If Mowrer denies that motion, Harmon has two others filed and another one promised. One motion requests the judge reduce the two convictions for each woman to just one, since “the abuse alleged by the State occurred during a single act or course of conduct which was not directed differently toward either child.”

The next motion is for release pending appeal, which Harmon says is forthcoming. The Taylors were remanded immediately into custody following their Feb. 5 convictions, and Harmon’s motion says their crimes are neither capital nor violent offenses and that his clients carefully met all court conditions while released on recognizance in the 19 months between the incident and their trial.

District Attorney Andrea Reeb said Thursday the attorneys would argue those motions orally at the start of the 11 a.m. sentencing hearing, which will be followed by victim impact statements in the afternoon.

Reeb said she was “not too concerned” with Harmon’s “motion for judgment notwithstanding the verdict,” which she had never before seen an attorney file on a criminal case.

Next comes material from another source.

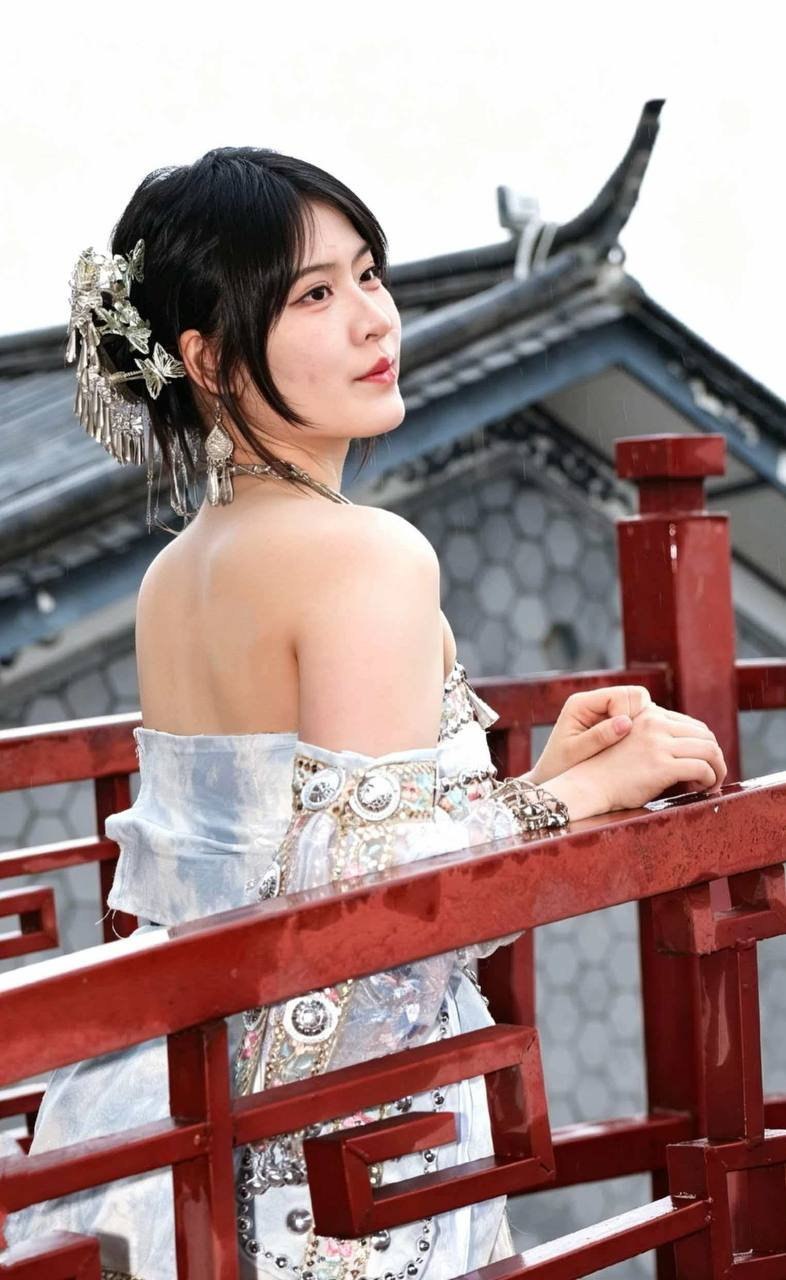 北京 编号：075596 (点击复制)
➡️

As to the motion for mitigated sentence, Reeb said “we believe that because of the different injuries, the law believes they are going to be separate and distinct.” The state will further argue the release motion in court, and Reeb is “optimistic that (Mowrer) won’t set an appeal bond.”

“No surprises, Mr. Harmon did everything he said he was going to file,” she told The News. “We’re prepared to argue those and get in and get this thing closed up.”